A first observation is that PDI has been capitalized at the hefty prevailing contractual rate for the past 3 years, that is 12.875% and 9.25% for the two existing bonds. In fact, the 2023 bond originally bears a 9.875% coupon but features a provision (“Additional Interest” in the prospectus) which states that the interest rate will increase by 300 basis points after any missed payment by the issuer.
In the end, the PDI significantly increased the size of the claims: after the haircut the total face value is only reduced from $675m to $650m, that is a c. 4% reduction.
Using the Sturzenegger and Tresbesch formula for haircuts (1-PV_new/PV_old) I find that the NPV reduction is c. 16% with a 5% discount rate (the one used by the IMF). Looking at market-relevant discount rates, we get a c. 29% NPV reduction at 10% exit yield, and c. 40% reduction at 15%. These are ballpark estimates though Daniel Munevar finds similar figures. I made the simple (and conservative) assumption that missed coupons are settled in year 1 for the old bonds which gives a slightly higher haircut.
The fixed income instrument described above will be complemented with a value recovery instrument (VRI) paying out only if the country manages to exploit its yet-untested oil reserves and receives royalties. After an initial $100m of oil royalties goes to the government, creditors will be able to claim 30% of the yearly oil royalties from block 58 until 2050. The initial amount of the VRI is set at the value of the initial haircut multiplied by a factor of 1.2, meaning if it pays out bondholders would not only recover their losses but also make decent money in the process. The maximum amount payable under this instrument is set at $689m, coming on top of the fixed income instrument, as the initial amount of the VRI increases over time at a 9% capitalizing interest rate.
The VRI features a call option enabling the government to prepay the instrument without penalty or premium. As soon as royalties start coming in, the government will face a difficult trade off: if it expects the 30% of royalties from block 58 will exceed the outstanding amount of the VRI before 2050, it could be tempted to retire the VRI right away to limit the payments to creditors. However, this would severely drain public finances and there is still a risk that royalties would not materialize in the end.
These VRIs will surely be difficult to price: not only investors need to factor in oil price forecasts, they also need to price the actual volume of oil in Suriname’s block 58, estimate the ability of the government to exploit these reserves, the volume of royalties they would derive from it, and the probability that the government calls the instrument. However, with the concentrated investor base (5 investors control c. 75% of the outstanding bonds according to the authorities), a secondary market for these instruments is unlikely to exist and they will probably sit on the books of the participants in the exchange until expiration.

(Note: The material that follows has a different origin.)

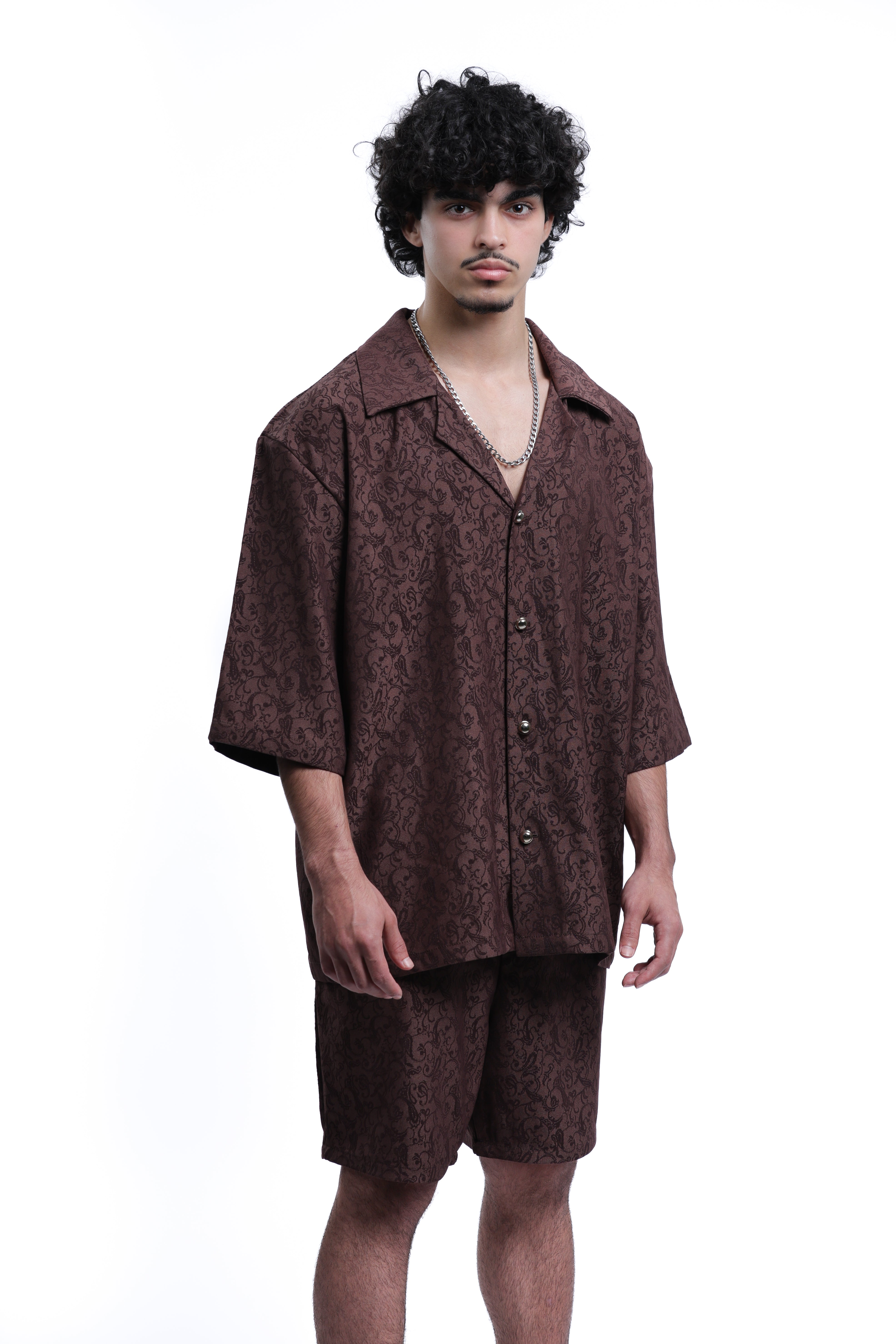MEJAOUI | Vintage Brown Jacquard Shirt & Shorts Set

Finally, the press release indicates that “the full amount of Suriname's royalty payments from Block 58 shall be deposited” in an offshore payment account, over which the investors have some sort of control. More precisely, upon the occurence of certain events (not specified for now) investors will be able to exercise a put option and sell the VRI back to Suriname using the funds docked in the offshore account.
The information available for now begs serious questions about sovereignty when it comes to the benefits of the country’s natural resources, especially since the amounts held in the offshore account will be higher than just the share of royalties investors are owed. When the final deal is inked the precise contours of the so-called put events will be a matter for scrutiny.
More broadly, the use of quasi-collateral like offshore accounts is rather unusual for Eurobonds (no precedent immediately springs to my mind), but quite common for Chinese loans as showed by Anna Gelpern and colleagues. Coincidently, the IMF discovered that China Exim had drawed funds from an escrow account in Suriname between the approval of the program and the first review. The use by bondholders of similar structures could prove useful to China when it comes to pushing back on “debt trap” accusations by western governments, answering that commercial creditors located in the main financial jurisdiction share the same practices.
These mechanisms can come back to bite: they make it difficult for issuers to restructure bonds or even run arrears, complicating the negotiations of IMF programs since the Fund can ask further assurances from such creditors. For now, it will be interesting to see what the IMF has to say about the offshore payment account in its staff report when the program makes it to the Board.
A deal at odds with the IMF program?
The Suriname IMF program is currently off-track and the IMF recently indicated work is ongoing with the authorities and a mission is expected soon. The new program will likely feature an updated macro-fiscal framework and debt sustainability analysis which is not yet public.
In the meantime, we can compare the characteristics of the last deal to the restructuring parameters that formed the bedrock of the IMF program approved in 2021 – quotes in this section are from the 2021 staff report. Disclaimer: any relief calculation for bondholders is somewhat of a lower bound since it does not take the VRI into account – if the security pays out it is likely that bondholders will not grant any relief.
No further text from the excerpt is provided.